Depuis lors, la famille recomposée a renoué avec le bonheur du temps d’avant l’accident de la mine. Xiping garde la haute main sur le potager, la basse-cour et les soins de l’ex-mari. Placé (par l’entremise de la mairie) dans un poste correct, Zongkui rapporte les deniers du ménage. À 20 ans, Tuxin l’ainée, diplôme en poche, travaille et vit en ville. À 15 ans, Tuhao marche bien au collège – des espoirs d’université sont permis, et Miaomiao le petit dernier, à 5 ans, fils de Zongkui et de Xiping – est le chouchou.

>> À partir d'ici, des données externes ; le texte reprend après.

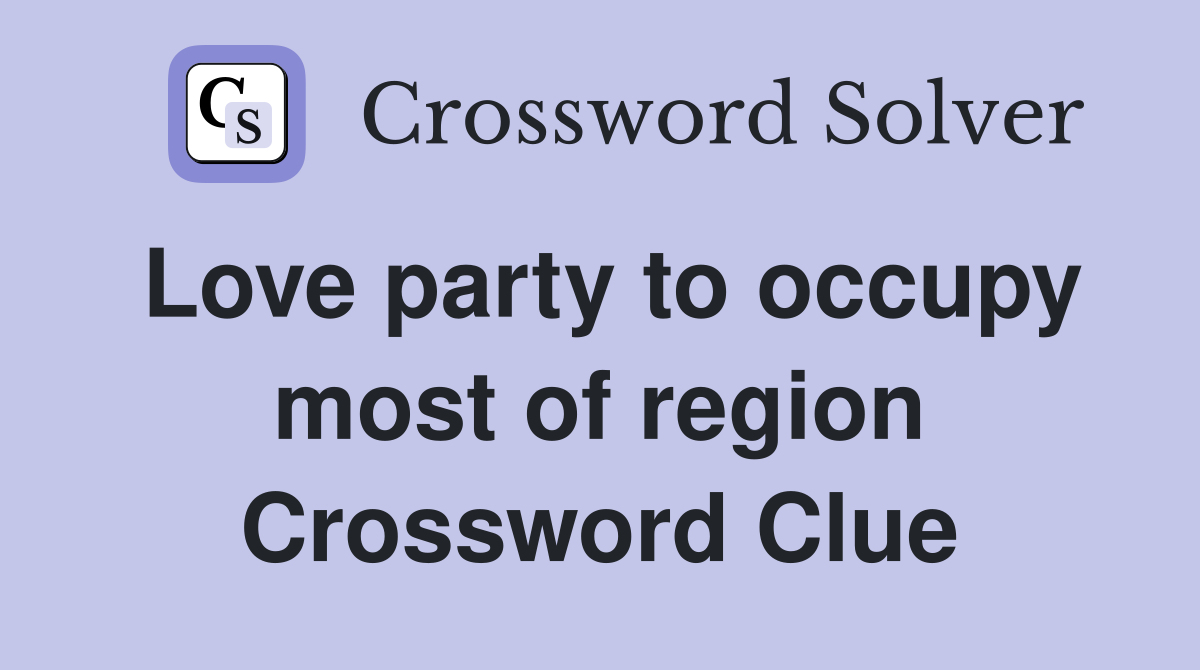 Love party to occupy most of region Crossword Clue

L’esprit de la demeure, est une joie teintée d’espièglerie, et d’un sentiment confus que rien désormais ne peut plus leur arriver. Par un tour de passe-passe de leur invention, ils ont – ils le savent – fait la nique au destin. En chinois, cela s’appelle « s’arracher d’un seul coup à l’insignifiance » (名扬天下, míng mǎn tiān xià) !
2 Commentaires
anneribstein
18 février 2017 à 19:39Avec un tel récit, fiction et réalité se rejoignent. Cela pourrait être une trame romanesque, un scénario de film plutôt improbables ; on s’étonnerait alors devant l’évidente générosité guidant les comportements des protagonistes, si attentifs les uns aux autres. Cela pourrait être un conte, avec une happy end. Et cela est bien agréable à lire. Merci Eric d’élargir ainsi notre connaissance des êtres humains.
severy
24 février 2017 à 12:15Un crocodile de mes amis m’a gentiment prêté son sac pour que j’y enfouisse mes larmes. Comme le disait si succintement Monsieur O, quelle belle histoire!